Il Re andava cercando uomini del Wessex,
come si separa un chicco dalla paglia,
i pochi ancora vivi e disposti a morire,
che ridono, come teschi sparsi sulla terra,
sconfitti in battaglia e rivolti al cielo
con il loro riso eterno.
«La visione del Re», in La ballata del Cavallo Bianco, pp. 31-53.

“Sebbene abbia affidato questa terra a Nostra
Signora,
che mi aiutò ad Athelney,
sebbene non esistano alberi più maestosi,
prati più rigogliosi e colline più serene
di quelli del giardino della Madre di Dio,
tra la riva del Tamigi e il mare,

so che anche lì le erbacce attecchiranno
più in fretta di quanto possiamo bruciarle;
e sebbene essi vaghino e si disperdano,
tra molti secoli, tristi e lenti,
– io ho una visione – io so
che i pagani ritorneranno.

Essi non verranno su navi da guerra,
non devasteranno col fuoco,
ma i libri saranno il loro unico cibo,
e con le mani impugneranno l'inchiostro.

Non con lo spirito dei cacciatori
o con la feroce destrezza del guerriero,
ma mettendo a posto ogni cosa con parole morte,
ridurranno le bestie e gli uccelli a burattini
ed il vento e le stelle a una ruota che gira.

Avranno l’aspetto mite dei monaci,
pieni di fogli e di penne;
e voi guarderete alle vostre spalle ammirando
e desiderando un giorno come quelli di Alfred,
in cui, almeno, i pagani erano uomini.

[…]

Voi li riconoscerete da questi segni:
lo spezzarsi della spada,
e l'uomo che non è più un cavaliere libero,
capace di amare o di odiare il suo signore.

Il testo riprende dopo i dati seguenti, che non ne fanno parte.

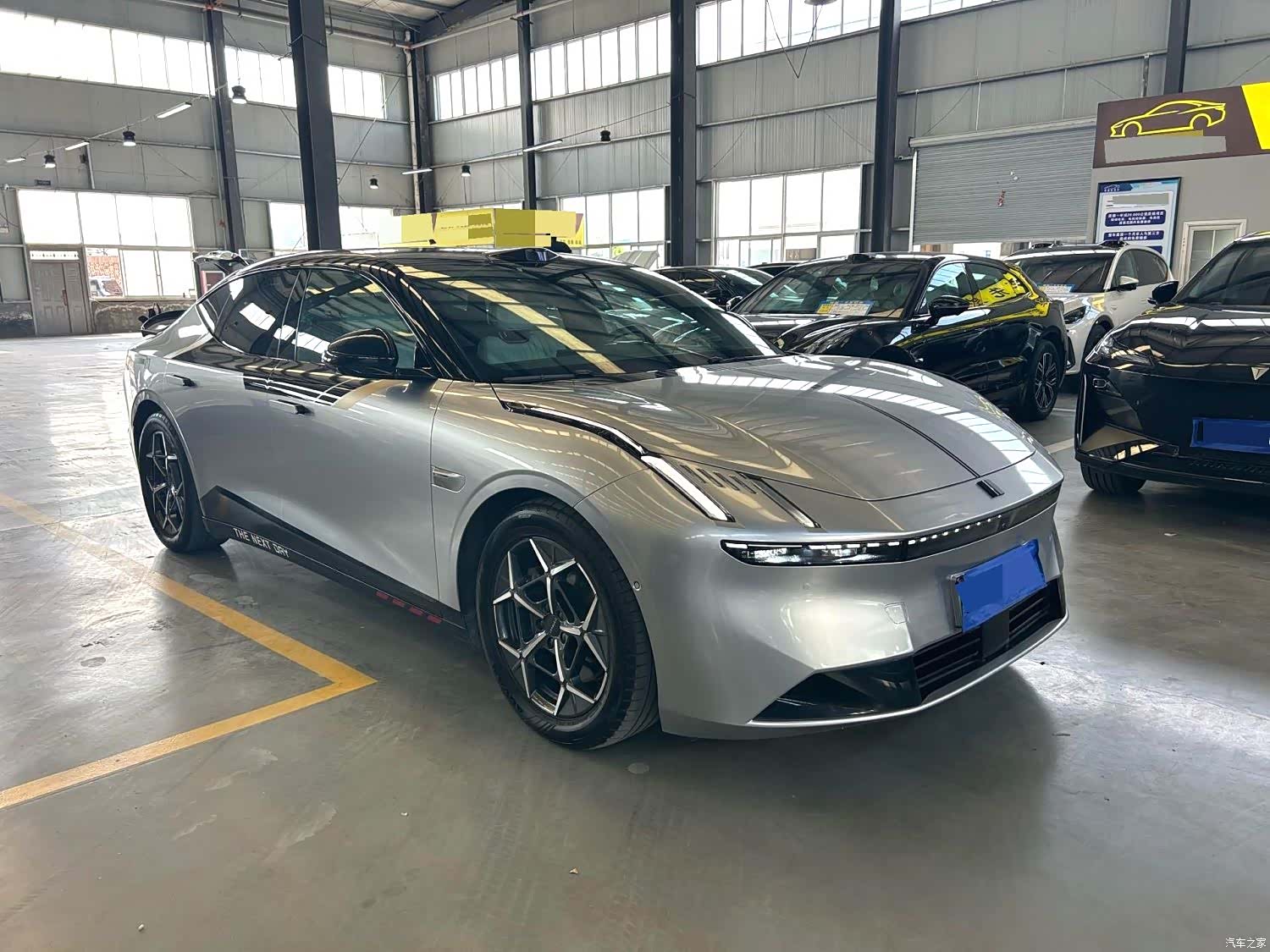 Lynk & Co Z10, 2025 2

Sì, questo sarà il loro segno:
il segno del fuoco che si spegne,
e l'Uomo trasformato in uno sciocco,
che non sa chi è il suo Signore.

Anche se arriveranno con carta e penna
E avranno l’aspetto pulito dei chierici,
da questo segno li riconoscerete,
dalla rovina e dal buio che portano;

da masse di uomini devoti al Nulla,
diventati schiavi senza un padrone.

[…]

Dalla presenza di peccatori,
che negano l'esistenza del peccato,

da questa rovina silenziosa,
dalla vita considerata una pozza di fango,
da un cuore spezzato nel seno del mondo,
dal desiderio che si spegne nel mondo;

dall'onta scesa su Dio e sull'uomo,
dalla morte e dalla vita rese un nulla,
riconoscerete gli antichi barbari,
saprete che i barbari sono tornati.

Quando si fa un gran parlare di moda e correnti,
e di saggezza e destino,
date il benvenuto all’idolatria che non muore,
che è più triste del mare.

Come gli uomini potranno sconfiggerla,
o se la Croce si innalzerà di nuovo,
con la carità o la cavalleria,
la mia visione non lo dice; e io non vedo altro;
ma ora, pur nel dubbio, cavalco
verso la battaglia nella pianura”.
«La cura del cavallo», in La ballata del Cavallo Bianco, pp. 221-251.